Alright, I’ve let this slide far too long… It’s time to choose our health insurance plan. And when I say that it’s time, I really mean it… The paperwork is due tomorrow. My new employer offers three options when it comes to health insurance: (1) a traditional indemnity plan, (2) a Preferred Provider Organization (PPO) plan, and (3) a Health Maintenance Organization (HMO) plan. We’ve already ruled out the indemnity plan, as the premiums are high, and the coverage is overkill. So that leaves us with the PPO and HMO options. While they’re both administered through Blue Cross/Blue Shield, there are a number of differences. In very general terms, the PPO is more flexible than the HMO, but it’s also more expensive. Here’s a more detailed rundown of the key differences:
The PPO is $50 more per month (for a family) than the HMO.
The basic copayment for an office visit under the PPO is $20 vs. $15 for the HMO.
The PPO is kind of complex in this regard. There’s a basic $300 deductible per person ($900 for the family overall) for in-network, in-state care. If you’re travelling out-of-state, but visit an in-network doctor, a separate $300/$900 deductible applies. After that, we’d pay 10% of medical costs in-state and 20% out-of-state but in-network. Finally, if you go out-of-network, there’s a $400/$1200 annual deductible. On top of this, we’d be responsible for 40% of the usual, customary, and reasonable (UCR) charges, plus we’d be subject to “balance billing” (i.e., we’d have to pay the amount above the UCR costs, which is normally written off by in-network doctors). The HMO covers 100% of everything beyond the initial $15 copay (i.e., there’s no deductible, but see “Flexibility, ” below).
The HMO requires us to name a primary care physician (PCP) for each person in our family, and all car has to be coordinated through the PCR (e.g., you need a referral to see a specialist). Also, the HMO network is completely in-state. Thus, if we’re travelling and need to see a doctor, we’re S.O.L. That being said, we’d still be covered for life-threatening emergencies at the in-network level no matter where we are. On the other hand, the PPO doesn’t require referrals to see specialists, and they have an out-of-state network (although it’s more restrictive).

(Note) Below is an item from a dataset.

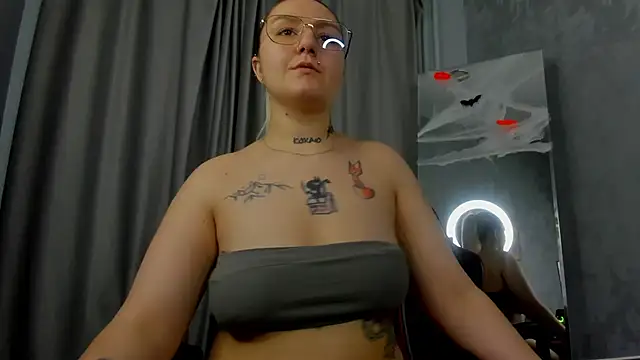 Debbie Taylor online show from October 30, 3:09 pm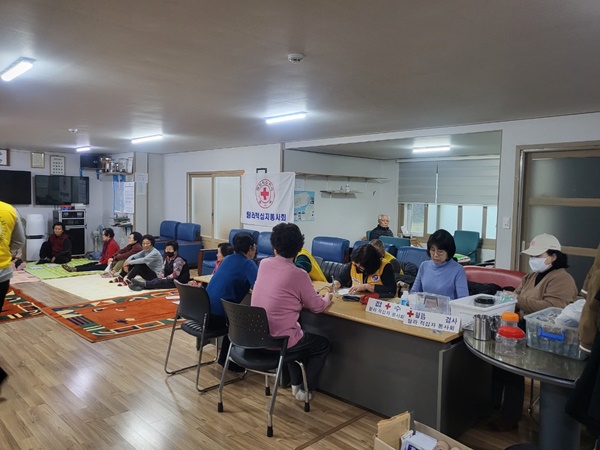 탐라적십자봉사회가 지난 25일 서귀포시 성산읍 신양리 경로당에서 지역 어르신 30여 명을 대상으로 한방무료진료 봉사활동을 전개했다.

Pretty much the same coverage between the two… $10 copay for generic drugs, $25 copay for most others. Both plans maintain a formulary/preferred list, and coverage for certain drugs not on this list is not as good. But they both claim that their lists only exclude redundant drugs (i.e., those that do the same thing as something already on the list). The only difference is that the prescriptions have to be written by in-network doctors, and that’s impossible if you’re out-of-state on the HMO (unless it’s a life-threatening emergency).
Advantage: PPO (by a hair, although this really ties back to flexibility).
The HMO has a maximum lifetime limit of $2, 000, 000. I couldn’t find an equivalent number in the PPO literature, but I’m not particularly concerned about the HMO limit. I know, I know… Famous last words, but… We can always switch plans from one year to the next, so we can easily circumvent this limit (heaven forbid we ever need to) so long as we don’t rack up millions in medical bills in a single year.
We live in a relatively small town, and are therefore concerned about the availability of specialists, especially for our kids. About an hour from us there are several major research hospitals, each of which includes a dedicated children’s hospital. As it turns out, these are all covered by both the PPO and the HMO.
While there are a number of other relatively minor differences, they’re really not worth mentioning. So… Just tallying up the numbers, the HMO comes out way ahead. Then again, it’s probably not fair to weigh everything here equally. For example, the complete lack of ‘regular’ coverage when we’re out-of-state is a bummer for the HMO. Then again, we’d save $600 on the premiums alone, plus additional money on copays and deductibles, if we went with the HMO, so we could easily self-insure against a few routine medical visits on the road. And if anything especially nasty cropped up, we’d still be covered.
Right now we’re leaning toward the HMO. The good thing is that open enrollment is only two months away, so we can easily change our mind with an effective date of January 1, 2007. Given the above information, what would you do?